Recordé en mi discursito a Rosas Moreno, el fabulista genial, el primero en preocuparse por el olvido que sufría sor Juana Inés de la Cruz (su obra de teatro sobre la monja novohispana, “décima musa”, abrió muchas puertas para el estudio de la obra de nuestra inmensa poeta barroca). Hablé, además, de don Mariano Azuela, el verdadero iniciador de la novela de la Revolución, el prosista maestro de la naturalidad que, en sus últimos años, escribió una novela llena de audacia experimental, La luciérnaga. Su memoria me llevó a los terrenos espirituales y cívicos del licenciado Primo de Verdad y Ramos; al fuerte del Sombrero, donde murió nuestro héroe insurgente Pedro Moreno, y a la inmensa sabiduría histórica y el valor literario de don Agustín Rivera y Sanromán, canónigo que perdió su canonjía por ser liberal, juarista y republicano (hace unos días releí su delicioso texto sobre un viaje a Roma. En él conviven la figura tremenda del Papa y el sencillo deleite de un helado de limón paladeado en una nevería cercana a la Piazza Navona).

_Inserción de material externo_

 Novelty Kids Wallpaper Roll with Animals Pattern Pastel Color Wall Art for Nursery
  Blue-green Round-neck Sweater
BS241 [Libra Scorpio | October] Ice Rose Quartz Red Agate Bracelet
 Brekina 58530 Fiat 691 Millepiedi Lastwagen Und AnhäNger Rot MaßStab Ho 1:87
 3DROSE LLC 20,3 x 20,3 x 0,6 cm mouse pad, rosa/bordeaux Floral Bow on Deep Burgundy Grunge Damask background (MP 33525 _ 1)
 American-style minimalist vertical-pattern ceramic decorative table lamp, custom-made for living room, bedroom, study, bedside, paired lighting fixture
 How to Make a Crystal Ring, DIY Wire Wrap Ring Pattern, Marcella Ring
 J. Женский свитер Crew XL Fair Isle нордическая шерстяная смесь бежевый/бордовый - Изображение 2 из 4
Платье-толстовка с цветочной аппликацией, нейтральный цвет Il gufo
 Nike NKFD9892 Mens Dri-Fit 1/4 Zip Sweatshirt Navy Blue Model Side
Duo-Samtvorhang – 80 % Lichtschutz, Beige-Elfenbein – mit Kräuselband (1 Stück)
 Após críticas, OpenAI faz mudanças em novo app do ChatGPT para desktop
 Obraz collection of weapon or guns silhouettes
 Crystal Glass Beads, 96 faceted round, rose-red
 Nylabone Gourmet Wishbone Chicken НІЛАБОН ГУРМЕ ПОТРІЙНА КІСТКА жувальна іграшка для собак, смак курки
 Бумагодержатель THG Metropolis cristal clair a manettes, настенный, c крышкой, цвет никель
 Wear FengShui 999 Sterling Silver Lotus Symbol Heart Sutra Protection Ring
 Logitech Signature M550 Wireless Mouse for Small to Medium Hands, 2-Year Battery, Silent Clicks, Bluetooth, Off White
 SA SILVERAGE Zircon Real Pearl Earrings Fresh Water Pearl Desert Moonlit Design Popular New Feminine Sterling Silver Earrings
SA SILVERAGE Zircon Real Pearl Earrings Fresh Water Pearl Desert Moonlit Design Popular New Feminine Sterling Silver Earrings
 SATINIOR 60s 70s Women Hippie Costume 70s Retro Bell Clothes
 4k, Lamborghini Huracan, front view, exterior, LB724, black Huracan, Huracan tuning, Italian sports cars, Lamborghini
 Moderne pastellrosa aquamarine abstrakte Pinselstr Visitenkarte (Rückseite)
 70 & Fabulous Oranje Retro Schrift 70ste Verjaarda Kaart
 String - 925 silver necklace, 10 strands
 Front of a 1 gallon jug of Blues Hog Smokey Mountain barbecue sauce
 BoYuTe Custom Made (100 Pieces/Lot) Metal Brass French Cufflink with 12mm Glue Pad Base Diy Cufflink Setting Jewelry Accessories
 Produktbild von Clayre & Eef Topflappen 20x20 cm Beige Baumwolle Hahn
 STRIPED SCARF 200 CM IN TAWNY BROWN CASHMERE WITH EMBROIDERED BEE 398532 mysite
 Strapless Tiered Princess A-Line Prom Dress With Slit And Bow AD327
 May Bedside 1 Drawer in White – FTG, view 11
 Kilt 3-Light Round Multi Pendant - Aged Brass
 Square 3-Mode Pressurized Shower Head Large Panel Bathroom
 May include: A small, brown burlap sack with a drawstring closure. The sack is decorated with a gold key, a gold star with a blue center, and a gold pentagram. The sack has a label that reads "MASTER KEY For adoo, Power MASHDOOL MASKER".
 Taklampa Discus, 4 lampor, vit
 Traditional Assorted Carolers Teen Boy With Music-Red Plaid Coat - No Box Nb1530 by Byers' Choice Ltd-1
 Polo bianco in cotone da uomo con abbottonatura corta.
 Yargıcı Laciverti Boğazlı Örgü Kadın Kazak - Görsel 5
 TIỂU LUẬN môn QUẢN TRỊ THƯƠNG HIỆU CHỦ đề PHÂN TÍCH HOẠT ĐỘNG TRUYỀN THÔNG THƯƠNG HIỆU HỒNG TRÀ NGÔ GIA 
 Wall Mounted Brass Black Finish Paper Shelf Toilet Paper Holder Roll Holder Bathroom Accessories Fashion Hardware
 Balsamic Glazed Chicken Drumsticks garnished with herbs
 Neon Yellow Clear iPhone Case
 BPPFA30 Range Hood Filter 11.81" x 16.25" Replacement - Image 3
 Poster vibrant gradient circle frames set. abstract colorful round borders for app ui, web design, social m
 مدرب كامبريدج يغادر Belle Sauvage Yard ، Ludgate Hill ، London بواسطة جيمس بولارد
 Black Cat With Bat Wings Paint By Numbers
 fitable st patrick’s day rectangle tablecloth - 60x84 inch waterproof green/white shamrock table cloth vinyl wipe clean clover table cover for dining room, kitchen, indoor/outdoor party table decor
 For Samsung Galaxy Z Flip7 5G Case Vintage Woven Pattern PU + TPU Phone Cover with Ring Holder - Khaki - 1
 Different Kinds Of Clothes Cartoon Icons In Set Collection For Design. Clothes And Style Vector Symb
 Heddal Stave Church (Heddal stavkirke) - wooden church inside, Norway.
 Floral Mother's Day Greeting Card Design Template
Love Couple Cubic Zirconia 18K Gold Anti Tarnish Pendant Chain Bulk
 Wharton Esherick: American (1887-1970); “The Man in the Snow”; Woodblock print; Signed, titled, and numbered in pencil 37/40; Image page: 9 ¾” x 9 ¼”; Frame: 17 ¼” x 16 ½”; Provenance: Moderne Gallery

Hablé además de un gran pintor laguense de genio original y de vida atormentada, Manuel González Serrano, y de un notable compositor que escribió un poema sinfónico dedicado a Lagos, de clara influencia francesa, Antonio Gómez Anda.
Pasé el día siguiente en la casa del jazminero y del naranjo, al lado de mi querido amigo Carlos Helguera (gran escultor, violista, pianista y hombre bueno si los hay). Comimos con mi tía Conchita Anaya y se nos vinieron encima, como tormenta de verano, los recuerdos. Lloramos un poco pero nos ganó la risa.